Zwift has unveiled its latest range of updates – resulting in inevitable backlash from users unhappy at the app’s new interface.
The virtual training platform last week announced that it was rolling out a new user interface to almost all PC and Mac users who have set their language preference to English. The changes include faster loading times upon start up, an improved events interface, new music, the option to access the garage before starting a ride, and the ability to ride any world while doing a workout.
However, the updates have come in for criticism from some indoor training enthusiasts, who have described the new home screen layout as “pathetic”, while others questioned the omission of Zwift’s ‘Ride With’ feature, which allowed users to automatically join friends currently on course.
While some members of Zwift’s online forum said they were pleased with the changes, others criticised the updated home screen’s tile-based layout and scaling, which one user said meant that “everything requires more clicks/scrolling than it used to.”
On Twitter, Hamish wrote: “The new Zwift UI is pretty cool, but is there supposed to be this big blank area in the middle of the home screen? I also wasn't able to scroll. Otherwise, I love a lot of the other enhancements!”
Some users were altogether blunter in their assessment of the new interface, with one arguing that “we literally deserve a refund for this pathetic ‘updated’ screen that we are forced to beta test.”
Another member described the updates as a “nightmare” and claimed that it was now “very cumbersome” to access frequently ridden routes.
> Zwift U-turns on ban for user who exposed weight-doping hack
The absence of the ‘Ride With’ feature, which – unlike creating a scheduled Meetup Event – enabled users to join someone already riding at any point, has also proven a source of much consternation among Zwifters.
One forum member wrote: “I’ve just cancelled my Zwift account because of this update.

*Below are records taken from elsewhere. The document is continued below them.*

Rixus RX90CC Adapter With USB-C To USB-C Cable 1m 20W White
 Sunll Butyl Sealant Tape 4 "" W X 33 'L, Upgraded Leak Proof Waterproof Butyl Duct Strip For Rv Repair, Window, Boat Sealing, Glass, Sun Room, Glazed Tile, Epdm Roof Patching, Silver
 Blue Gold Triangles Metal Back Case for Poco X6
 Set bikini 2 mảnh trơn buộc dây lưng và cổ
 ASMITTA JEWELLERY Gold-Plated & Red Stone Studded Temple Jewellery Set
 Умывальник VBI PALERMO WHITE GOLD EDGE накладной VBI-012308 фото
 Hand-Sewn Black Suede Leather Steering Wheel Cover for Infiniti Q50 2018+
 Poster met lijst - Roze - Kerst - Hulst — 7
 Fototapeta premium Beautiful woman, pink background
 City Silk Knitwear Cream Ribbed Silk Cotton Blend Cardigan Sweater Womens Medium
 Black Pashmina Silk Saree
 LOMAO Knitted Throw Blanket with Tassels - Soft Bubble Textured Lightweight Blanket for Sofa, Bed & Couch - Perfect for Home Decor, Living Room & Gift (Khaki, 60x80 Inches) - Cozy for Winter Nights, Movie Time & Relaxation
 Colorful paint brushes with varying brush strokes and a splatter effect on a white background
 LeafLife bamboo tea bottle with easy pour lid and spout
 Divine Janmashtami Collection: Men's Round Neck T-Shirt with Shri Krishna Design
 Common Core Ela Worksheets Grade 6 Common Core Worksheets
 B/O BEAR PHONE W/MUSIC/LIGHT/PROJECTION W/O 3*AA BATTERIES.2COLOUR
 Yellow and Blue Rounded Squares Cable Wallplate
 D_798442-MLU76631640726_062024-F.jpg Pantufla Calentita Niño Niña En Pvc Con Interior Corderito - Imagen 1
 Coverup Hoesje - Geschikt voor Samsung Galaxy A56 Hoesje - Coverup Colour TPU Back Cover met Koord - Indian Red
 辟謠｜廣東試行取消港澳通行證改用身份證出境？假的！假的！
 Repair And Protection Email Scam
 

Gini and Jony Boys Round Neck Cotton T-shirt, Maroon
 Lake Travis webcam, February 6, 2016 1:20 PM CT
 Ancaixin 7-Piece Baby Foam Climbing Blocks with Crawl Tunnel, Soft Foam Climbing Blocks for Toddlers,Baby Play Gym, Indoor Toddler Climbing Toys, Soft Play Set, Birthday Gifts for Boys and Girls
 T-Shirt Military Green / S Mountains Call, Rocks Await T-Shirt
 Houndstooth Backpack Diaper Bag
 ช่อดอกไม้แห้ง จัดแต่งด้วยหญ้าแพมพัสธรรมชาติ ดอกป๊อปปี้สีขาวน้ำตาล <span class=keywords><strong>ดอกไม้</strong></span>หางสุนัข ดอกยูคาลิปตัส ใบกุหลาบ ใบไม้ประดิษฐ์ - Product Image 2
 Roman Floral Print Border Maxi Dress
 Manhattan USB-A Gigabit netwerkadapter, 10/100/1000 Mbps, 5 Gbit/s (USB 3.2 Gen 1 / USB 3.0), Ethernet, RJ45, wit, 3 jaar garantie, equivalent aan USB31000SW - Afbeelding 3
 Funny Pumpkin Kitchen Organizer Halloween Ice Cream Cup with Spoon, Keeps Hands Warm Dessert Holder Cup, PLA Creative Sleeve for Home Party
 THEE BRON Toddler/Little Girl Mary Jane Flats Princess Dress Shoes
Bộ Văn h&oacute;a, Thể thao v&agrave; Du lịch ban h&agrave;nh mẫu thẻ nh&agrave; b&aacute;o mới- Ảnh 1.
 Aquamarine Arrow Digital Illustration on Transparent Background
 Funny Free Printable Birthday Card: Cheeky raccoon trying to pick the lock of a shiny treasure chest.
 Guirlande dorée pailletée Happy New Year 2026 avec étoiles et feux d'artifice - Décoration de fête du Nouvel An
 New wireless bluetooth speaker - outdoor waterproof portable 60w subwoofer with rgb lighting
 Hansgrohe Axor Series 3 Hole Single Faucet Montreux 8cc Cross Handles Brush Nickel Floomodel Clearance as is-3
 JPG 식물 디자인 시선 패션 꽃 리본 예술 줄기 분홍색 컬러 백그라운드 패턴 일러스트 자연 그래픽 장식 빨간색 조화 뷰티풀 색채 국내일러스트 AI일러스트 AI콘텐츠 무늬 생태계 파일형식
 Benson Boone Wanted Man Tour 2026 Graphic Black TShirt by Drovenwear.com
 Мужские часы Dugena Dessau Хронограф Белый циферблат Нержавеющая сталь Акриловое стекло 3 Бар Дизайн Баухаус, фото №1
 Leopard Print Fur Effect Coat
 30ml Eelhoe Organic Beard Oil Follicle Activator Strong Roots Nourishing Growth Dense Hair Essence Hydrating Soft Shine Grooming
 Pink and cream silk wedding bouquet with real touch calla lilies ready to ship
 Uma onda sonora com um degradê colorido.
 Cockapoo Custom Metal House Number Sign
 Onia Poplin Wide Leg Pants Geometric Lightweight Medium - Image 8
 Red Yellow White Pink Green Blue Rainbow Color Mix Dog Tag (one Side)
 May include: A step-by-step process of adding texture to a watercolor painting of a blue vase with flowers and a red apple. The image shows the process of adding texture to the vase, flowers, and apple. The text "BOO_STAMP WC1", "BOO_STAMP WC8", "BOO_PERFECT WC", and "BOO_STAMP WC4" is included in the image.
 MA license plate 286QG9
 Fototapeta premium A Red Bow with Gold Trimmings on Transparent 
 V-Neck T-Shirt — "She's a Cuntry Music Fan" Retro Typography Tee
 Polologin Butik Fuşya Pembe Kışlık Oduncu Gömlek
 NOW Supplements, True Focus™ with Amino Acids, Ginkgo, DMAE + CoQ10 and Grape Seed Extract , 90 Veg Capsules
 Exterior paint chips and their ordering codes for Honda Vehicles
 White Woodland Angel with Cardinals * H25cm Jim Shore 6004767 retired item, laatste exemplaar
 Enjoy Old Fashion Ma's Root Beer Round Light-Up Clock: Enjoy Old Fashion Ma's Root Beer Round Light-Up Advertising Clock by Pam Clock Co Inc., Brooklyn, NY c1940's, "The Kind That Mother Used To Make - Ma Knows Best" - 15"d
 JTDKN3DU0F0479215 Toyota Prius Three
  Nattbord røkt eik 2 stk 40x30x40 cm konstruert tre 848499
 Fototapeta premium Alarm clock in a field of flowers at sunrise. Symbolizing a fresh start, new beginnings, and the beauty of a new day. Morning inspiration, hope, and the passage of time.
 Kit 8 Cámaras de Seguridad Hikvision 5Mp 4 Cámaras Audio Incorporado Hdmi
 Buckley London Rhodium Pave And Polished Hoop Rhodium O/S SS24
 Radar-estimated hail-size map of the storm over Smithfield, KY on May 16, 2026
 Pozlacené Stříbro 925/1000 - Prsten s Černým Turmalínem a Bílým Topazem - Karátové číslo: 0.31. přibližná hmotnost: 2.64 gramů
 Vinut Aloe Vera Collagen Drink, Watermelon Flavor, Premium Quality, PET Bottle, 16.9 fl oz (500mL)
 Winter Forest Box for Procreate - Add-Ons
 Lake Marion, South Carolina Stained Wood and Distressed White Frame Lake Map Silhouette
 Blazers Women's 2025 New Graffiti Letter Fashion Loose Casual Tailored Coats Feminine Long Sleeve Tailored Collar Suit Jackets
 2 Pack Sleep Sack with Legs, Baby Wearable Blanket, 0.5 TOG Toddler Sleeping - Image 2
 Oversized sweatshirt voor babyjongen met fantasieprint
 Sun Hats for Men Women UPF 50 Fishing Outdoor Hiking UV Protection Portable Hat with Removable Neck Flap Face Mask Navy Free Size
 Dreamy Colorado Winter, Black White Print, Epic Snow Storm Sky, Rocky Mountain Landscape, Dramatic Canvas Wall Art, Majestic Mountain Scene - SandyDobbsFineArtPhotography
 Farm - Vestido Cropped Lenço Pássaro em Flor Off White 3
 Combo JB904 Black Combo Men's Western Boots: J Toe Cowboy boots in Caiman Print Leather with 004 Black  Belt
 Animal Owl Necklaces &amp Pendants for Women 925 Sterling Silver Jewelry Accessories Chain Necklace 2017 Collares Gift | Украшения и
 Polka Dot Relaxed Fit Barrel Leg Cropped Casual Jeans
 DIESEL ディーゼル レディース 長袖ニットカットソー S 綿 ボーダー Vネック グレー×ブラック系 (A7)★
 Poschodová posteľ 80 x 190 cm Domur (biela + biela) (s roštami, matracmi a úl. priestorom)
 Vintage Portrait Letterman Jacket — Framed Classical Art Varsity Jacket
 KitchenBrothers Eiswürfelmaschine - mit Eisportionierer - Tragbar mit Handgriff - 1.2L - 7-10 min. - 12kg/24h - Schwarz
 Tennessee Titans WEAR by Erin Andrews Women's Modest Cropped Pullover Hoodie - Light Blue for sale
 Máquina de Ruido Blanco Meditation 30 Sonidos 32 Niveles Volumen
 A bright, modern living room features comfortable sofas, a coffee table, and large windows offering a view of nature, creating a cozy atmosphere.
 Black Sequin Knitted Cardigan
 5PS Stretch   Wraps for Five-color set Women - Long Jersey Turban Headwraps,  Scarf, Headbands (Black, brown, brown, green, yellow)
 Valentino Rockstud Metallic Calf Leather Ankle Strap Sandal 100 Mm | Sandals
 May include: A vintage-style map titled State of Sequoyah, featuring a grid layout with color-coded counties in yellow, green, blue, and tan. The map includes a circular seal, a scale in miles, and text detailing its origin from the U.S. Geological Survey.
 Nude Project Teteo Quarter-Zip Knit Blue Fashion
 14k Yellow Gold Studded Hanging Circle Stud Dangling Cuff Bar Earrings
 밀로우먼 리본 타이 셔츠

“The ‘Ride With’ feature is important to me and the main reason that I came to Zwift from RGT. Now I can’t use it because Zwift literally ‘forced’ this new (incomplete) update on me and others. Other users may not care about the ‘Ride With’ feature, but this user does.
“So, I’m not paying for something that I can’t use.”
Responding to queries about the future of the ‘Ride With’ function, Zwift’s Community Forum Manager said: “We’re still working on it, but no ETA to announce yet. We know it’s a high priority to bring back.”
Not everyone is upset with the changes, however. One user argued that the new interface “feels more useful and allows access to the things I want to be able to access before starting a ride”, and described the torrent of criticism from the Zwift community as a “classic ‘can’t please everyone’ moment”.
“Recent changes to the Home Screen were made to help Zwifters connect with some of our best in class in-game content,” a Zwift spokesperson told road.cc.
“In the process of making improvements to the home screen, we decided to reprioritise some features that were not heavily utilised, including Ride With.
“While we're glad that the new home screen is making it easier to find Zwift rides, races, and workouts, we are always in the process of developing features that make Zwift more fun and social.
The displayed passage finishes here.